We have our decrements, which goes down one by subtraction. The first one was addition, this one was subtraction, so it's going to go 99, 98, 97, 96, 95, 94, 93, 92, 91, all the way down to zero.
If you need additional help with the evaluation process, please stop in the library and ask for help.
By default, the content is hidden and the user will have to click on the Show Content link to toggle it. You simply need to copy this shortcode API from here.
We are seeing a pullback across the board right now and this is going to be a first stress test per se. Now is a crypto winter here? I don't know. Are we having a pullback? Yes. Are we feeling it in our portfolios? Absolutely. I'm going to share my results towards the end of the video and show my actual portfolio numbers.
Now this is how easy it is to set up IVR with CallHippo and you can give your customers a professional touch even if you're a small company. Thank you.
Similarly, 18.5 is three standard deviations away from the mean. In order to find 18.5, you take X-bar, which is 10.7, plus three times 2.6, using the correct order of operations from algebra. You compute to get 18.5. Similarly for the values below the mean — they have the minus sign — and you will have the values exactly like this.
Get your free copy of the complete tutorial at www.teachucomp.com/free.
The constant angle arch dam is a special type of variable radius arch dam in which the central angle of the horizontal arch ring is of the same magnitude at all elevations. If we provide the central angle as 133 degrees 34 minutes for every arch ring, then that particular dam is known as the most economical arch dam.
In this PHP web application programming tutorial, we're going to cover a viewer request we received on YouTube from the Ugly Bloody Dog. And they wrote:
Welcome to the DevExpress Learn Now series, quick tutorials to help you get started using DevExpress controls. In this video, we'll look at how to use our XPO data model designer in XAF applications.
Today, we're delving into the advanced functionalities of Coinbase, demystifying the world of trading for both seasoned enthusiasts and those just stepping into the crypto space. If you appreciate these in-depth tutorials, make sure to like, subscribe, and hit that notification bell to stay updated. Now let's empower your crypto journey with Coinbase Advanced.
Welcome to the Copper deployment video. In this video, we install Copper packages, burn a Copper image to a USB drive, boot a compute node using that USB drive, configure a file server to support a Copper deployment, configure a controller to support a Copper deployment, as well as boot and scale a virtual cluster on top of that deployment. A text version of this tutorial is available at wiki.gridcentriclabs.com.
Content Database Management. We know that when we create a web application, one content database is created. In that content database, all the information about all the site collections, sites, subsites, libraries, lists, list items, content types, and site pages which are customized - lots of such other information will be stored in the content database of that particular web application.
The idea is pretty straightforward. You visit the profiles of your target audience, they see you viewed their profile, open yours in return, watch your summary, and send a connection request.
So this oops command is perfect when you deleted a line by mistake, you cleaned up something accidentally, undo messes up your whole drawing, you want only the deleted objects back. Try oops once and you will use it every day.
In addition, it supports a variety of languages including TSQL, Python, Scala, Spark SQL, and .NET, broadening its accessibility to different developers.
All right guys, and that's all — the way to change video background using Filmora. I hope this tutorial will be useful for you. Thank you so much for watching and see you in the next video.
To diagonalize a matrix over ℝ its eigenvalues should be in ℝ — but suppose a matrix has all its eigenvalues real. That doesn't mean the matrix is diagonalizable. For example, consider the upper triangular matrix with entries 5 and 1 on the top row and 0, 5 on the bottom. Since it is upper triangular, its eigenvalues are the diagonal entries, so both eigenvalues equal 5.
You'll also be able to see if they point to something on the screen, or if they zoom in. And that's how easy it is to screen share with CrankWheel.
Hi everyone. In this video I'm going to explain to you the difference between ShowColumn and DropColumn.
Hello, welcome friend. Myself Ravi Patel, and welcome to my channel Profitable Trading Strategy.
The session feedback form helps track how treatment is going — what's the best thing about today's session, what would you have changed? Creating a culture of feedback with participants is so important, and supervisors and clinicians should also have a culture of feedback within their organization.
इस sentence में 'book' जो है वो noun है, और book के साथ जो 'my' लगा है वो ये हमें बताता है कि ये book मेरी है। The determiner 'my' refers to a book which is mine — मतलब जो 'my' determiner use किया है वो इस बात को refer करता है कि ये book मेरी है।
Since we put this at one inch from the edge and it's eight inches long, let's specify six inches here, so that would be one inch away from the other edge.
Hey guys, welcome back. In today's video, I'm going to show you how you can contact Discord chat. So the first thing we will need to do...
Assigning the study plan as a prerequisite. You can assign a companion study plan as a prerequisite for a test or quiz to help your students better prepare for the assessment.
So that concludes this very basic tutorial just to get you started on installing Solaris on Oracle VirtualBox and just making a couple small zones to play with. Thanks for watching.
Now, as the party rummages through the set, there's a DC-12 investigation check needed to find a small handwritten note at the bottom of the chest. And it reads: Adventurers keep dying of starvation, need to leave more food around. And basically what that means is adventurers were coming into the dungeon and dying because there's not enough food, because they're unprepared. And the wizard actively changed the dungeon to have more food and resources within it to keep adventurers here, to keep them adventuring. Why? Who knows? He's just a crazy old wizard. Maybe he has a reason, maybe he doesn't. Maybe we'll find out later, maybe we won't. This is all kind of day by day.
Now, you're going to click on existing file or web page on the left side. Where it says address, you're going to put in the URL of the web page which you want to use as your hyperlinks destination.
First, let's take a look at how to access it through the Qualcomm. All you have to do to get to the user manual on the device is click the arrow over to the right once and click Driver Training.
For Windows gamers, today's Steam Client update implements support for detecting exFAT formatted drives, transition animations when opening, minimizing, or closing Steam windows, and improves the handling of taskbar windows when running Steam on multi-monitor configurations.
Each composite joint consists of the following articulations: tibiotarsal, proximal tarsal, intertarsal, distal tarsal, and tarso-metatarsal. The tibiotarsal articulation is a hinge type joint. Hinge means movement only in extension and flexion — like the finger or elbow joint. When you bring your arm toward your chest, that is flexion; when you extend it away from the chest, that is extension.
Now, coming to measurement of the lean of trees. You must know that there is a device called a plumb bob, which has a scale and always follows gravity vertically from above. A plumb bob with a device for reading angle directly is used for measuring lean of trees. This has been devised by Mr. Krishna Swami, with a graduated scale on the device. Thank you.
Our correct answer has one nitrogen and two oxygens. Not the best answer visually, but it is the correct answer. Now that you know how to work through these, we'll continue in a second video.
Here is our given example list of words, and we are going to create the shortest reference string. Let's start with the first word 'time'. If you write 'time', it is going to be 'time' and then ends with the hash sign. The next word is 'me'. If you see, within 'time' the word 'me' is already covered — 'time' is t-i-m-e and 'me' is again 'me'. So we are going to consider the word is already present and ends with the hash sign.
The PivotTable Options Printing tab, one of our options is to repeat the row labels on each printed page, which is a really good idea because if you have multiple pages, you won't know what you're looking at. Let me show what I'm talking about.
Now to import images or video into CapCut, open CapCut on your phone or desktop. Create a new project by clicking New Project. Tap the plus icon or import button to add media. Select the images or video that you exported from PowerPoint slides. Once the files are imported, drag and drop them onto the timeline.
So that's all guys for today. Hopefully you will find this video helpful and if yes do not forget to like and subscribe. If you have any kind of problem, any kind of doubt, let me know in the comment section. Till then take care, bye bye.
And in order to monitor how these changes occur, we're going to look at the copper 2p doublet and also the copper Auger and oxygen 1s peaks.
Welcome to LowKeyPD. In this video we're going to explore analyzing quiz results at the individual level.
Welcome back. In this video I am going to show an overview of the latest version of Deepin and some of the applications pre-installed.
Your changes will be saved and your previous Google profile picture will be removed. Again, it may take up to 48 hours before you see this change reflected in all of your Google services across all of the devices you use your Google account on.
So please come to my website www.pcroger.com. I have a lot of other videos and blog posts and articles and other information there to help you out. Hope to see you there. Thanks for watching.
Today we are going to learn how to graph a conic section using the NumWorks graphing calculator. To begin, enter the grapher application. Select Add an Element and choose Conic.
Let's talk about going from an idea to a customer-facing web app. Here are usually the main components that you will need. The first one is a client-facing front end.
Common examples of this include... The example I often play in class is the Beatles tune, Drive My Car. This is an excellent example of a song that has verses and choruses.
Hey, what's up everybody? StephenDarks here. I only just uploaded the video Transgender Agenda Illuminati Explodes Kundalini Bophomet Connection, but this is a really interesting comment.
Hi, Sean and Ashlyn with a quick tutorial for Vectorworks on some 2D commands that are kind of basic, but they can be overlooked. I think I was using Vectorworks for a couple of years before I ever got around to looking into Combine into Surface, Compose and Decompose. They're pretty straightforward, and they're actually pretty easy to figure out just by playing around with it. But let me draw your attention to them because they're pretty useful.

┄┄┄┄┄┄

§ What the task asks: Go through the material above, and wherever a line contains the string "copy", return it.

§ Your response:
By default, the content is hidden and the user will have to click on the Show Content link to toggle it. You simply need to copy this shortcode API from here.
Get your free copy of the complete tutorial at www.teachucomp.com/free.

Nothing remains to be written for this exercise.